Sometimes tricks work in litigation, sadly; but once your reputation has been damaged, it's a lot harder to trick a judge.
Here's some information about F.R.C.P. Rule 60, which is about newly discovered evidence, not that I personally believe that is what this likely is, but here's the rule on it:
Rule 60. Relief from Judgment or Order
(a) Clerical Mistakes.
Clerical mistakes in judgments, orders or other parts of the record and errors therein arising from oversight or omission may be corrected by the court at any time of its own initiative or on the motion of any party and after such notice, if any, as the court orders. During the pendency of an appeal, such mistakes may be so corrected before the appeal is docketed in the appellate court, and thereafter while the appeal is pending may be so corrected with leave of the appellate court.
(b) Mistakes; Inadvertence; Excusable Neglect; Newly Discovered Evidence; Fraud, Etc.
On motion and upon such terms as are just, the court may relieve a party or a party's legal representative from a final judgment, order, or proceeding for the following reasons: (1) mistake, inadvertence, surprise, or excusable neglect; (2) newly discovered evidence which by due diligence could not have been discovered in time to move for a new trial under Rule 59(b); (3) fraud (whether heretofore denominated intrinsic or extrinsic), misrepresentation, or other misconduct of an adverse party; (4) the judgment is void; (5) the judgment has been satisfied, released, or discharged, or a prior judgment upon which it is based has been reversed or otherwise vacated, or it is no longer equitable that the judgment should have prospective application; or (6) any other reason justifying relief from the operation of the judgment.
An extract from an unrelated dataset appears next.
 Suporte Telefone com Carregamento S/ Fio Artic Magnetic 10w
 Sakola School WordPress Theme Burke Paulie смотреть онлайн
The motion shall be made within a reasonable time, and for reasons (1), (2), and (3) not more than one year after the judgment, order, or proceeding was entered or taken. A motion under this subdivision (b) does not affect the finality of a judgment or suspend its operation. This rule does not limit the power of a court to entertain an independent action to relieve a party from a judgment, order, or proceeding, or to grant relief to a defendant not actually personally notified as provided in Title 28, U.S.C., § 1655, or to set aside a judgment for fraud upon the court. Writs of coram nobis, coram vobis, audita querela, and bills of review and bills in the nature of a bill of review, are abolished, and the procedure for obtaining any relief from a judgment shall be by motion as prescribed in these rules or by an independent action.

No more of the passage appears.